Advanced Lane Lines Detection
A demo of the pipeline (on both the project_video and challenge_video) can be found on Youtube
The goal of this project is to use traditional Computer Vision (i.e. non-machine learning) techniques to develop an advanced and robust algorithm that can detect and track lane boundaries in a video. The pipeline highlighted below was designed to operate under the following scenarios:
- It can detect exactly two lane lines, i.e. the left and right lane boundaries of the lane the vehicle is currently driving in.

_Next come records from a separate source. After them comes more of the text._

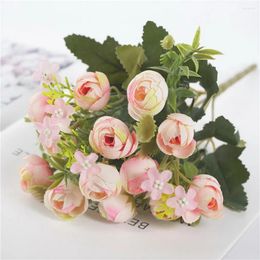 Flores decorativas 13 cabezas de rosas de té, paquete de flores artificiales artificiales para el hogar, sala de estar, adorno de boda, decoración sintética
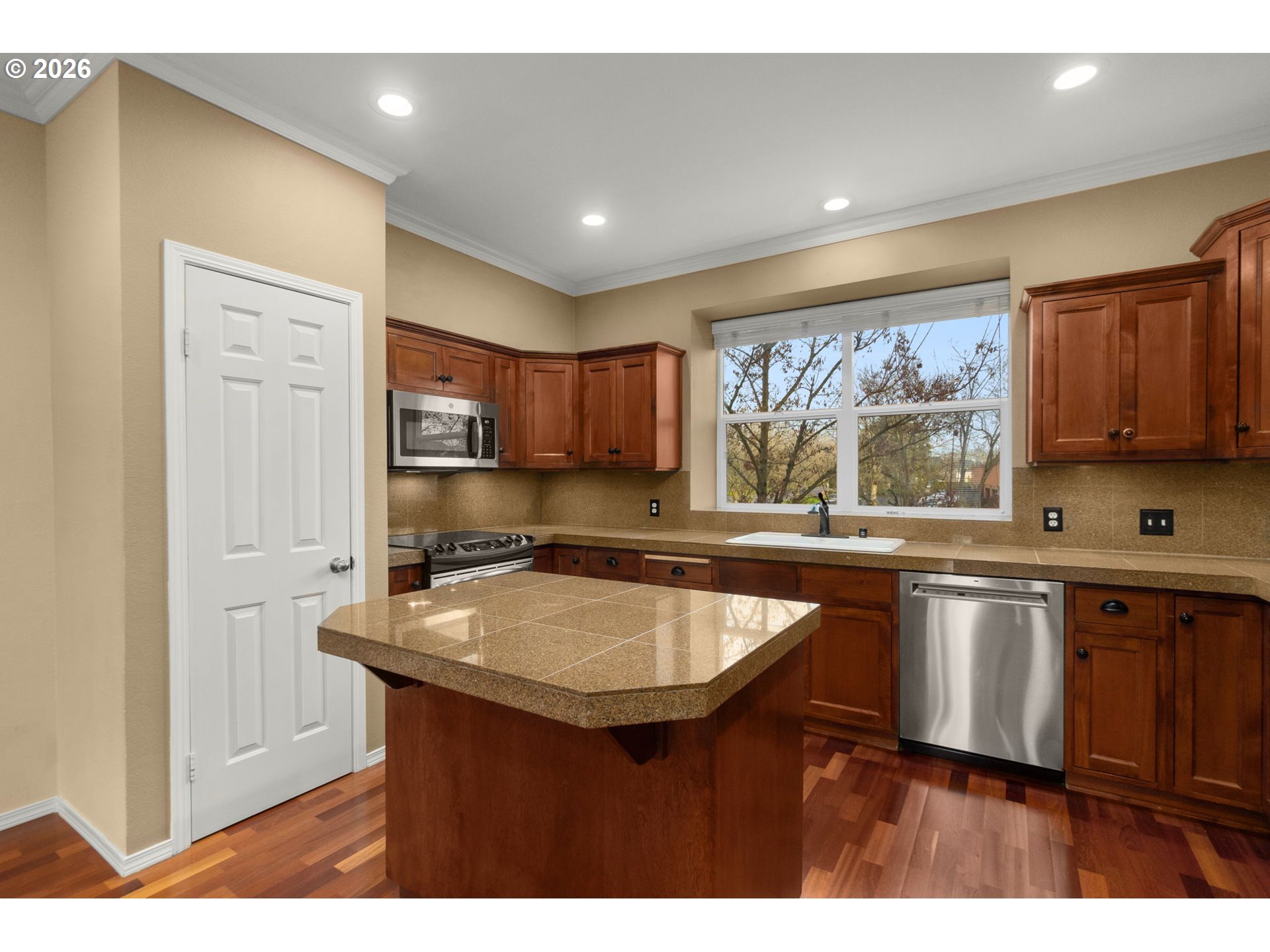 1814 Southeast Cutter Lane Vancouver, WA 98661 - Photo 10 of 40 a kitchen with stainless steel appliances granite countertop a sink stove and refrigerator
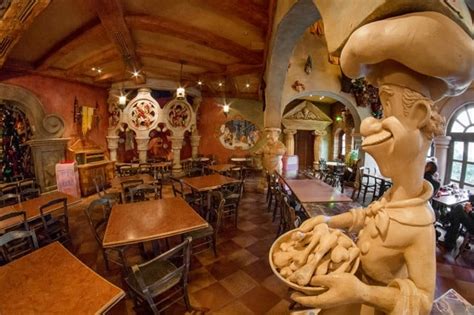 Top Best Themed Disneyland Paris Restaurants Disney Tourist Blog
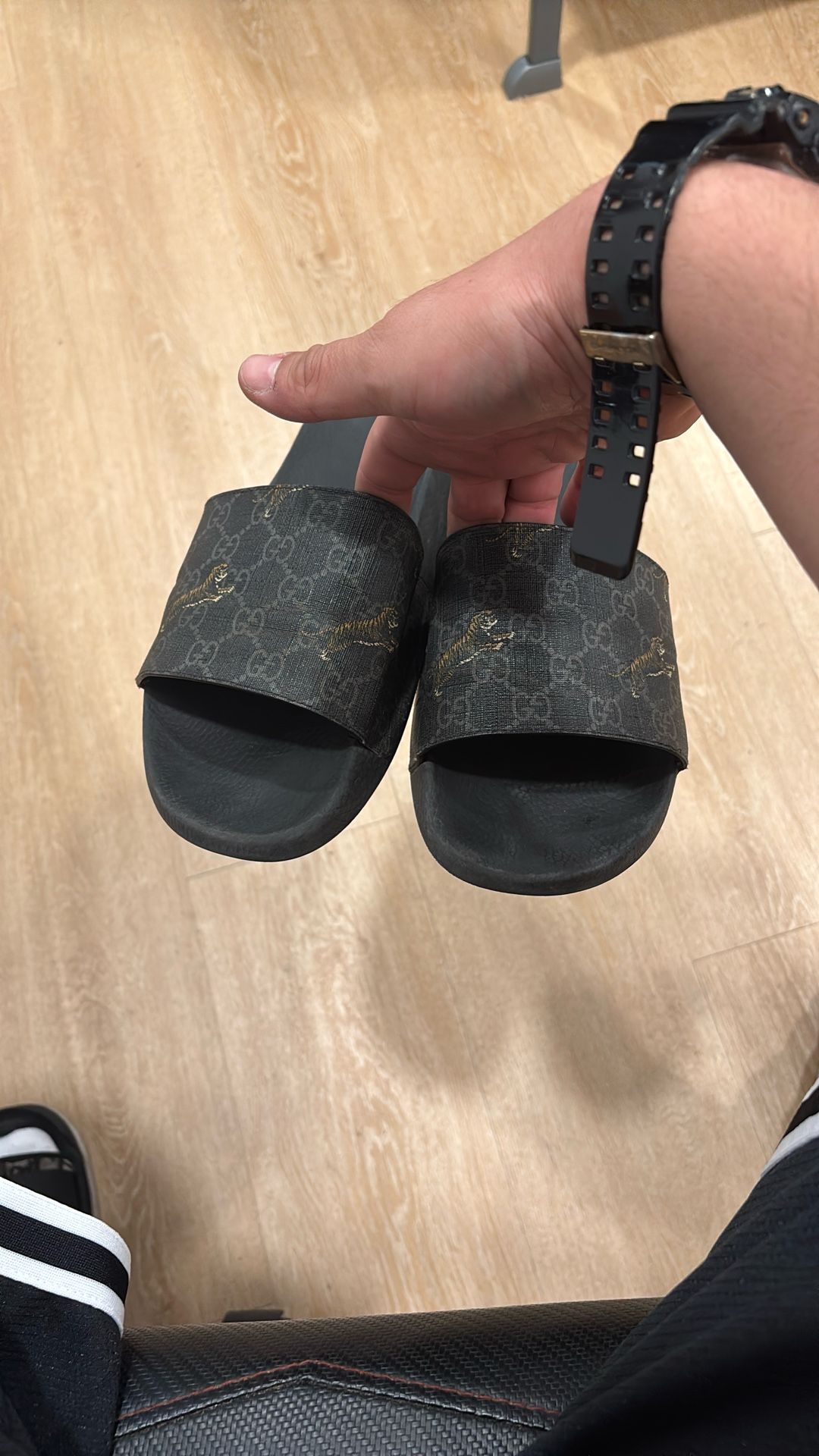 GUCCI SLIDES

- It cannot detect adjacent lane lines
- The vehicle must be within a lane and must be aligned along the direction of the lane
- If only one of two lane lines have been successfully detected, then the detection is considered invalid and will be discarded. In this case, the pipeline will instead output a lane line fit (for both left and right) based on the moving average of the previous detections. This is due to the lack of an implementation of the lane approximation function (which is considered as future work).
- Python 3.x
- Matplotlib (for charting and visualising images)
- OpenCV 3.x
- Pickle (for storing the camera calibration matrix and distortion coefficients)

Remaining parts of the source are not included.